(Short web captions)

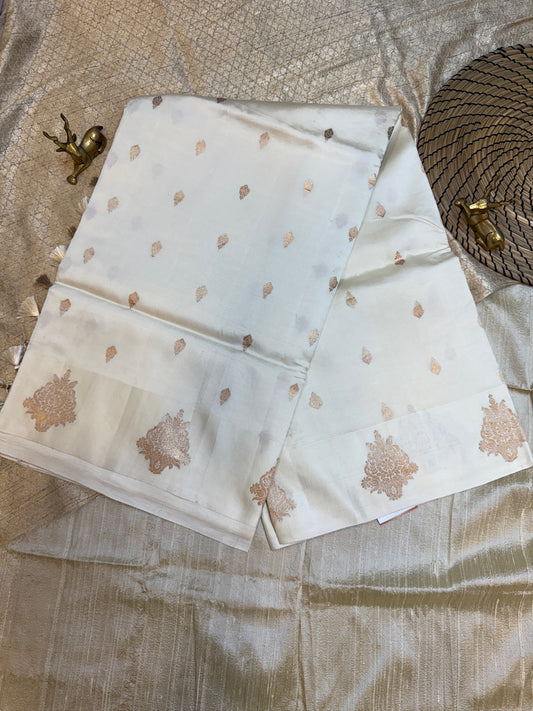 Raw Mango Kadwa Silk Saree White with gold (Banarasi)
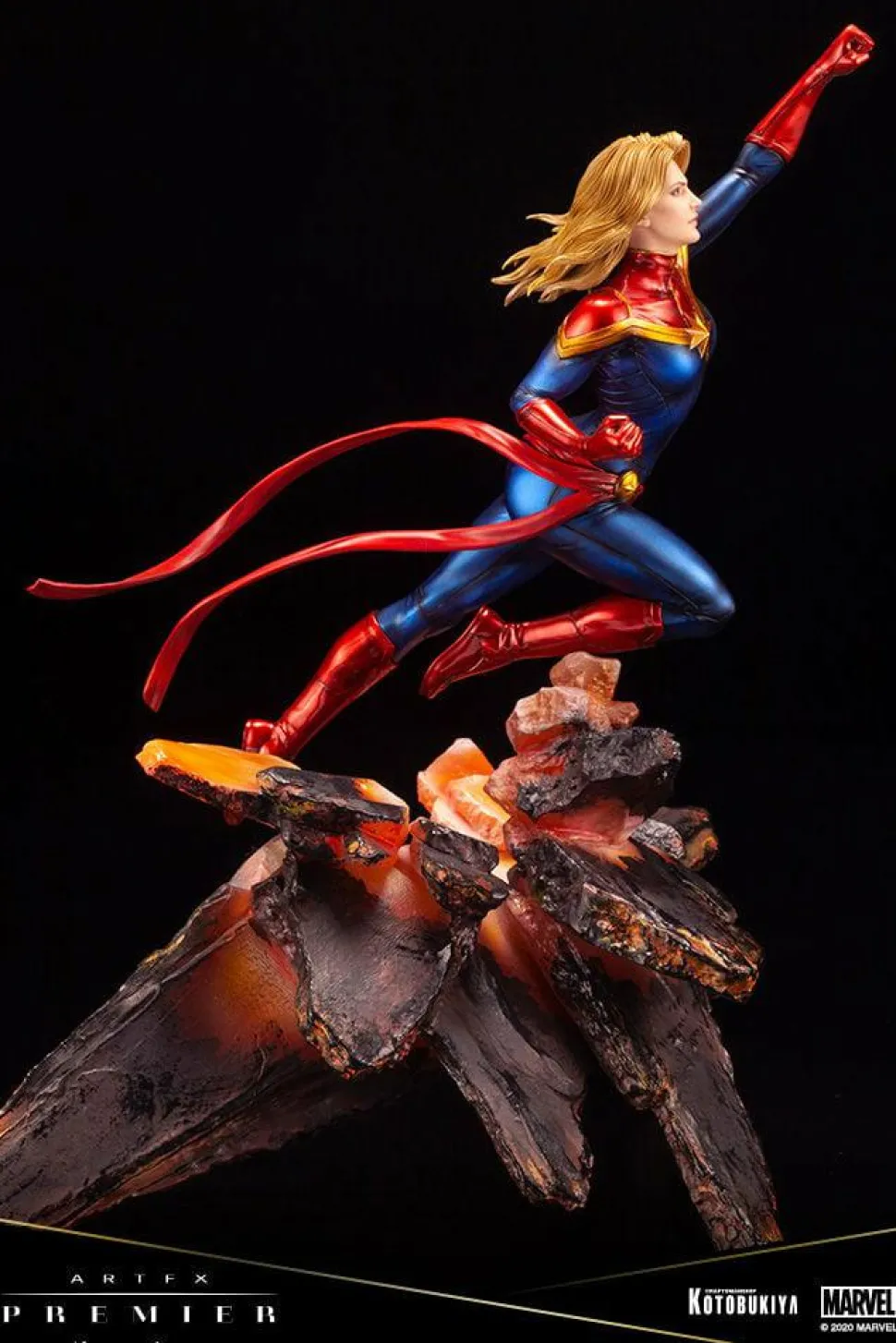 Marvel - Captain Marvel 1/10th Scale ArtFX Premier Statue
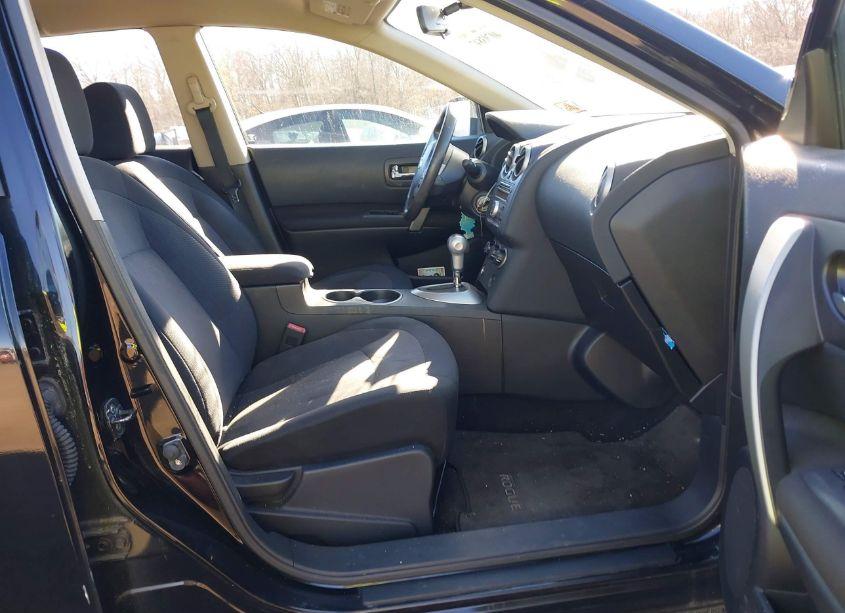 Photo 5 of 2011 Nissan Rogue S (VIN JN8AS5MV7BW685099)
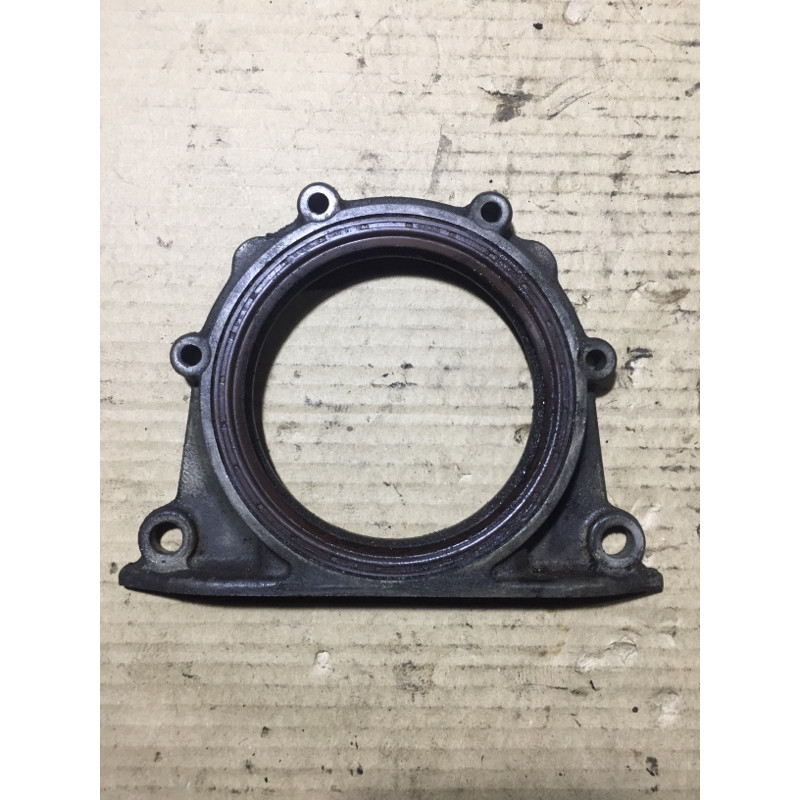 Крышка двигателя (двигатель и элементы) BMW 3-series E46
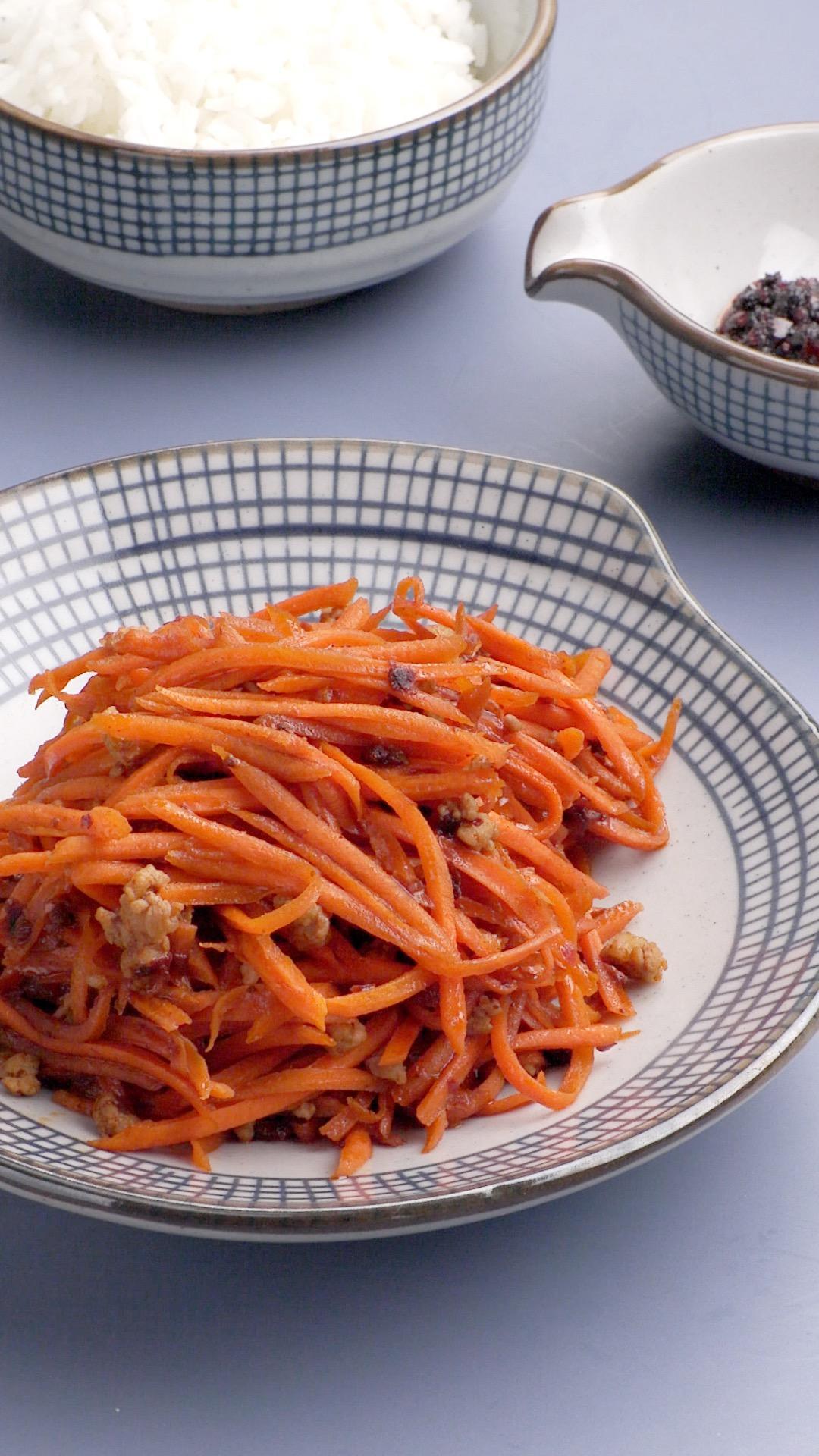 老干妈炒胡萝卜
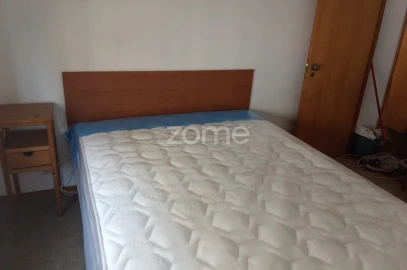 Apartamento T1 para Arrendamento em Santa Marinha e São Pedro da Afurada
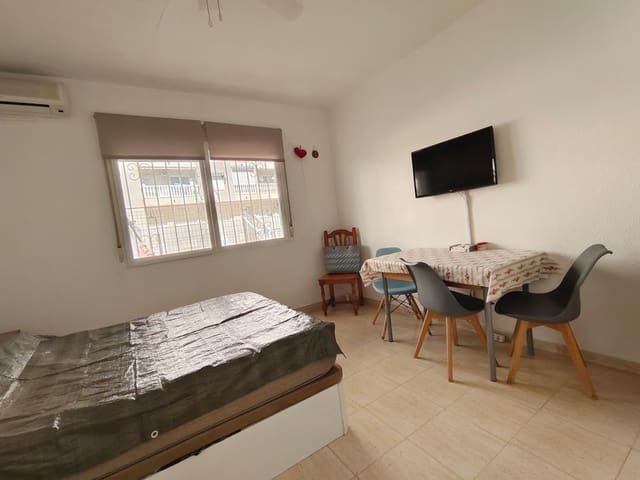 Apartment for sale in Antonio Machado, Torrevieja with pool - € 99,900 (Ref: 9896209)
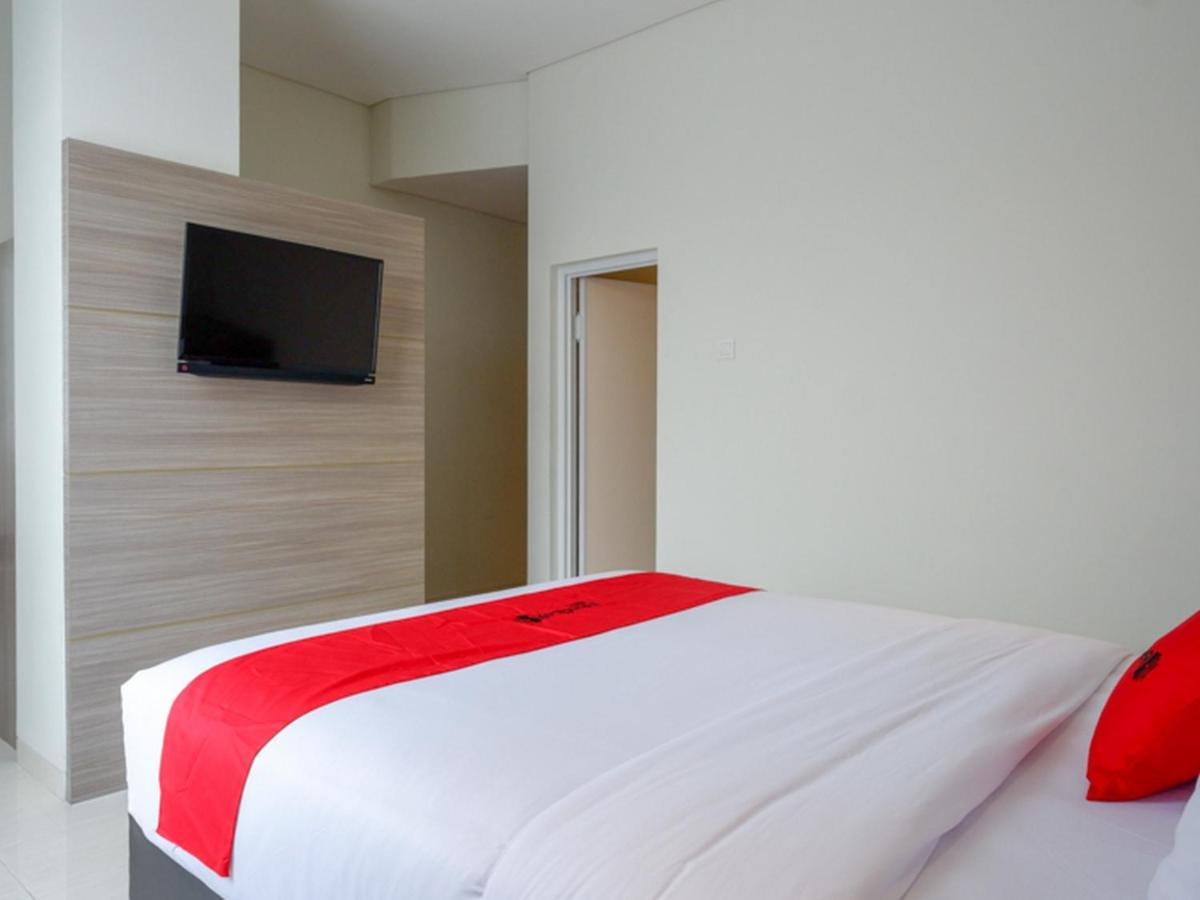 Reddoorz Near Exit Tol Banyumanik 2 Hotel Srondolwetan Buitenkant foto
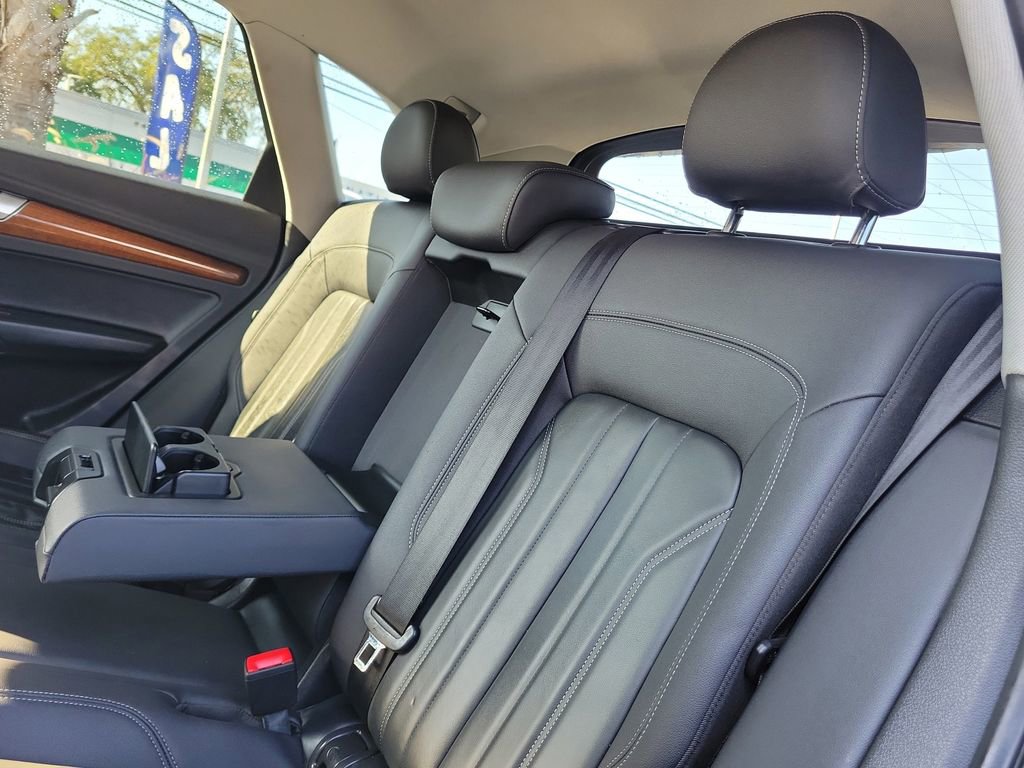 Used 2023 Audi Q5 2.0T Premium image 12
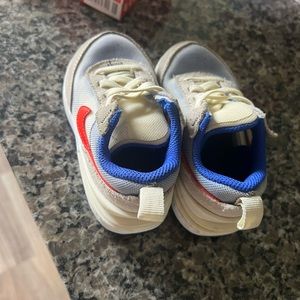 Slight wear Nike waffle 7c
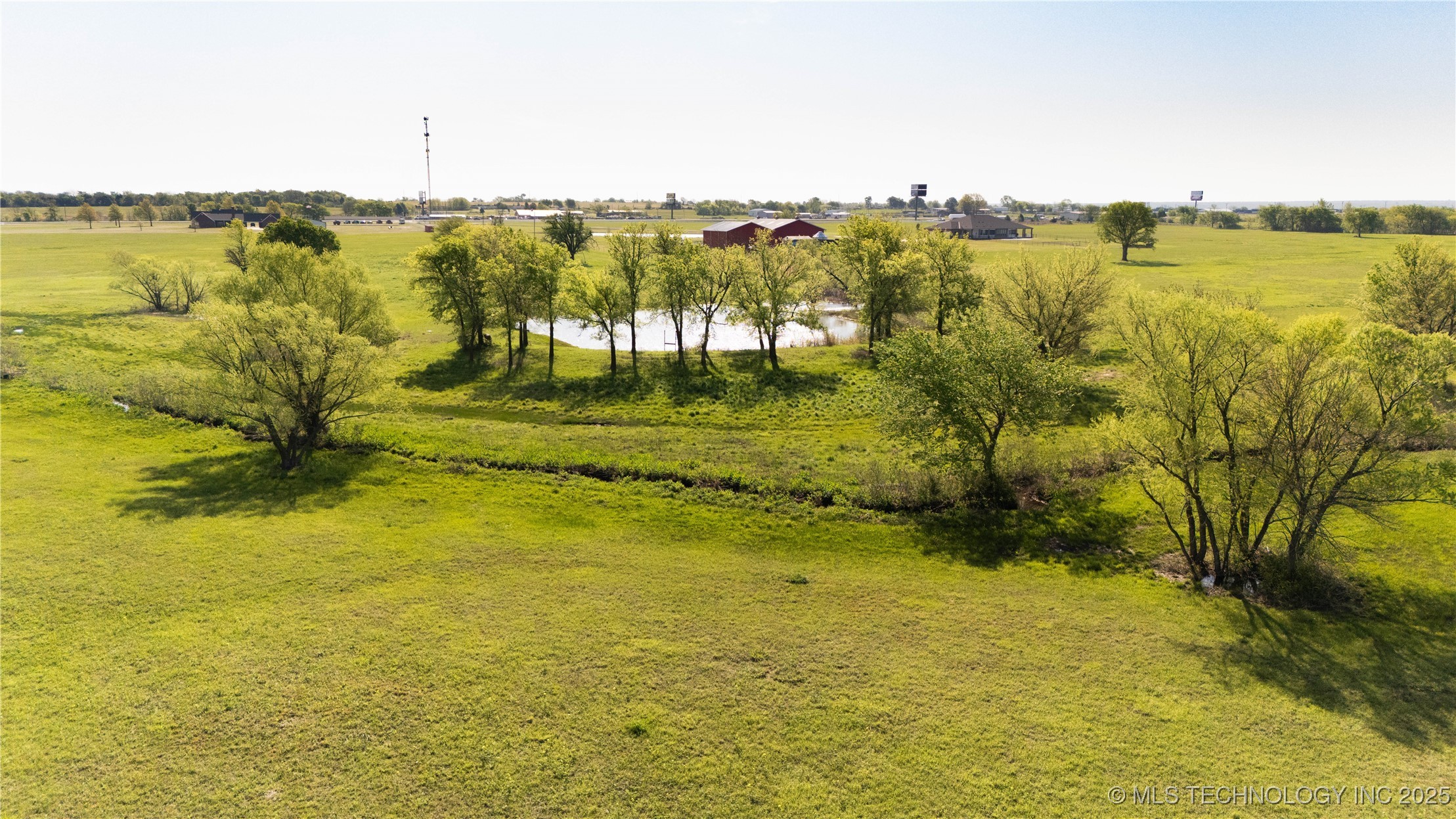 Hwy 75 Property Photo 4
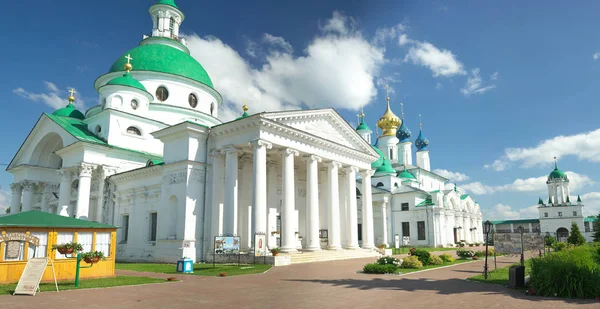 Літній пейзаж у Ростов великий. — стокове фото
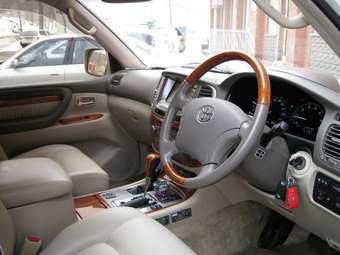 2002 Toyota Land Cruiser Cygnus Photos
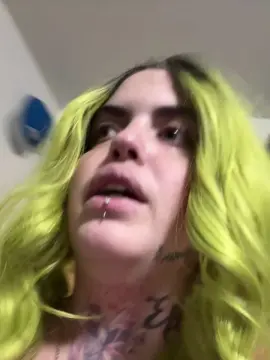 Toxiicbratdoll  live sex cam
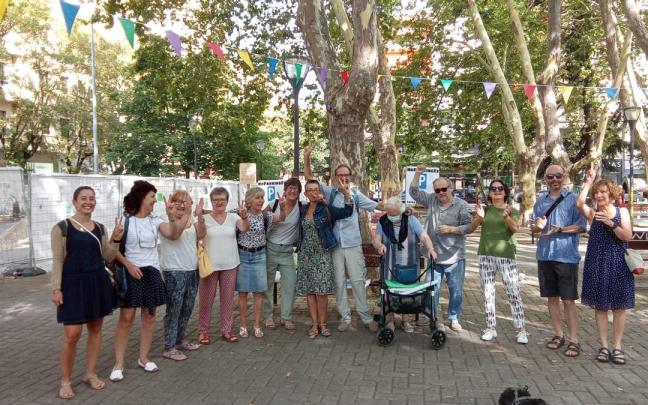 Los miembros de la plataforma presentes este jueves en el retén de la Plaza de la Cruz celebran la paralización temporal de las obras. Los miembros de la plataforma presentes este jueves en el retén de la Plaza de la Cruz celebran la paralización temporal de las obras.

**DIRECTIONS FOR THIS TASK**
Set down all of the entries exactly as they appear, but keep the images out.

**SOLUTION**
 Raw Mango Kadwa Silk Saree White with gold (Banarasi)
 Marvel - Captain Marvel 1/10th Scale ArtFX Premier Statue
 Photo 5 of 2011 Nissan Rogue S (VIN JN8AS5MV7BW685099)
 Крышка двигателя (двигатель и элементы) BMW 3-series E46
 老干妈炒胡萝卜
 Apartamento T1 para Arrendamento em Santa Marinha e São Pedro da Afurada
 Apartment for sale in Antonio Machado, Torrevieja with pool - € 99,900 (Ref: 9896209)
 Reddoorz Near Exit Tol Banyumanik 2 Hotel Srondolwetan Buitenkant foto
 Used 2023 Audi Q5 2.0T Premium image 12
 Slight wear Nike waffle 7c
 Hwy 75 Property Photo 4
 Літній пейзаж у Ростов великий. — стокове фото
 2002 Toyota Land Cruiser Cygnus Photos
 Toxiicbratdoll  live sex cam
 Los miembros de la plataforma presentes este jueves en el retén de la Plaza de la Cruz celebran la paralización temporal de las obras. Los miembros de la plataforma presentes este jueves en el retén de la Plaza de la Cruz celebran la paralización temporal de las obras.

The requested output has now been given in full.